Later, the Minister said:
... as I mentioned earlier. I am here to engage in good faith. It will take the time that it takes, and we will work our way through it. I would not be so rude, as a Member of the Lower House, to try to tell the Upper House how to do its business.
The Minister then stated, "We took steps in the Dáil, which I am sure we will be able to tease through on Committee and Report Stages, to further strengthen the importance of autonomy". This is what the Minister said in this House.
Therefore, the Minister can imagine my shock when, without any warning whatsoever, the Deputy Leader this morning proposed an Order of Business guillotining this Bill this afternoon. I do not know whether the Minister is aware of it, but the Deputy Leader gave a full explanation as to why she was guillotining it. Sadly, it turned out that it was on the express instructions of the Minister that the matter had to go through-----
The Deputy Leader indicated to us that she had gone and sought instructions as to whether she could allow a lengthier debate, and that the Minister had made it clear that this legislation had to go through this House on a guillotine because it had to go-----
I was present for the Order of Business this morning and I listened to the Deputy Leader, who spoke about the legislation before the House today. She indicated that she had looked to see whether there would be an opportunity. She did not indicate that she had spoken directly to the Minister. She indicated that she had asked for time on this legislation. I believe the Minister is right to come back on this. If we go back to look over the comments, it will be clear. She did indicate that there is a significant amount of legislation to be dealt with and the Bills Office is under pressure. The Cathaoirleach also spoke to that issue.
To be helpful to the House, what Senator McDowell read out is exactly what I said. It is an exact transcript. I am not a Member of the Upper House and I do not order the business here. To be clear, I did not hear what the Deputy Leader said but she had no conversation with me. This House reached out to my office today. My office said I would make myself available tomorrow but I was told that would not work for the Seanad. My office told the Seanad that I would make myself available on Friday but I was told that would not work for the Seanad. I am delighted to debate the legislation with Senators but I will not sit here and be slurred. I am available tomorrow and Friday but the Seanad is not. It orders its own business.
Nobody said that but the House was informed that, on consultation - through the Leader, I think - it was emphasised that the Bill had to go through this week and that, as a result, it had to be guillotined. That is what we were told.
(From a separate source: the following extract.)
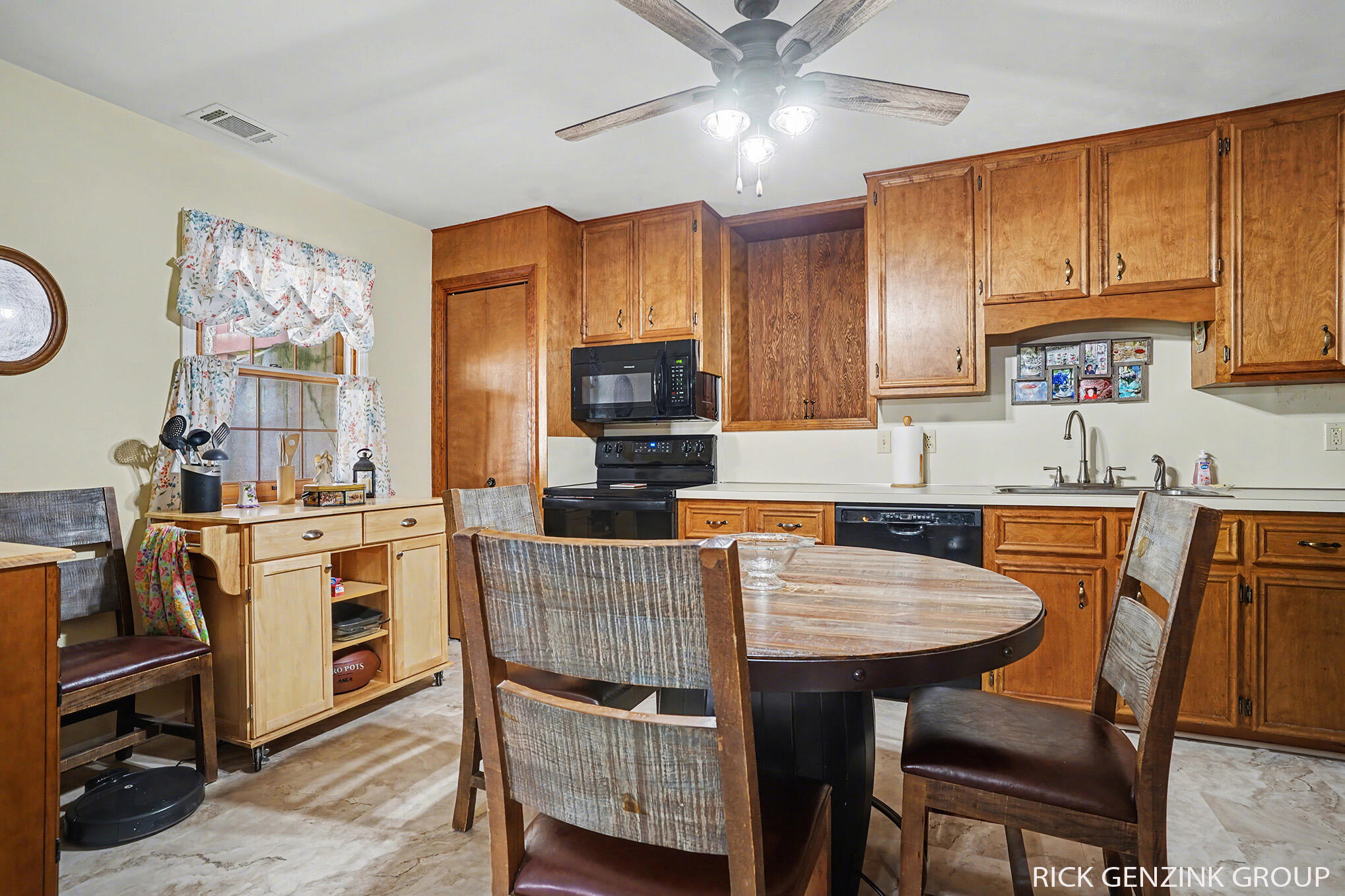 6260 Pine Crest Drive Zeeland MI 49464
In fairness to the Minister, he has made himself available. While I have great respect for Senator Norris, there has been extensive consultation in respect of this legislation with the higher education institutions, the Irish Universities Association, Trinity College and the Oireachtas Joint Committee on Education. The Minister and his officials have made themselves available to discuss any of the issues that are raised in the House.
I do not know who Senator Norris is speaking to but everyone knows there has long been demand for reform of the higher education system. With respect to colleagues, the Act dates from 1971. We are dealing with the higher education system of 2022 and into to the future, not that of 1971 or, with respect, 1592. This is not a question in respect of the academic autonomy of institutions. These are questions relating to governance, particularly with regard to financial accountability. It is important that is the case. We have already had Second Stage of the Bill, when there is an opportunity to make general statements. If we are going to debate the amendments that have been tabled, let us do so. I hope colleagues will ensure that eloquence replaces verbosity when it comes to dealing with the amendments. In defence of the Minister-----
What has been said is not fair on the Minister or the Deputy Leader because it is trying to misconstrue both of their positions. Senator McDowell is aware of the legislative pressure that exists. If less time was spent on procedural theatrics, both this morning and during this debate, and we actually got on to debating the amendments that are before us, then we could have real discussion. We are already 24 minutes into the debate, however, and we have not even dealt with the first amendment.
That is shameful stuff. I was here this morning. We sought extra time but were denied it. It was represented to us that the Deputy Leader had, through whatever channel, sought extra time but it could not be given.
All I am saying is that this is important legislation. Senator Malcolm Byrne pointed out that it has been 50 years since there was last a Bill on this matter. That is all the more reason that, in dealing with an important Bill of this kind, we should not confine the Committee Stage, with so many amendments having been tabled, to four hours. By the way, what happened this morning on the Order of Business has not in the slightest bit trespassed on those four hours. The four hours started at 3 p.m. and will expire whenever they are due to expire. The Senator is not going to get away with that trick. This is disgraceful. This is important legislation and it is being railroaded through. Most of the amendments will never be discussed, for obvious reasons. That is the effect of the guillotine that is being imposed at the behest of the Government. You are a member of that Government and you could easily-----
It has nothing to do with me, though. I have made myself available. Senator McDowell may say it matters diddly-squat to him whether I am here or not. I was asked this morning if I would make myself available. I said I would do so again tomorrow and on Friday.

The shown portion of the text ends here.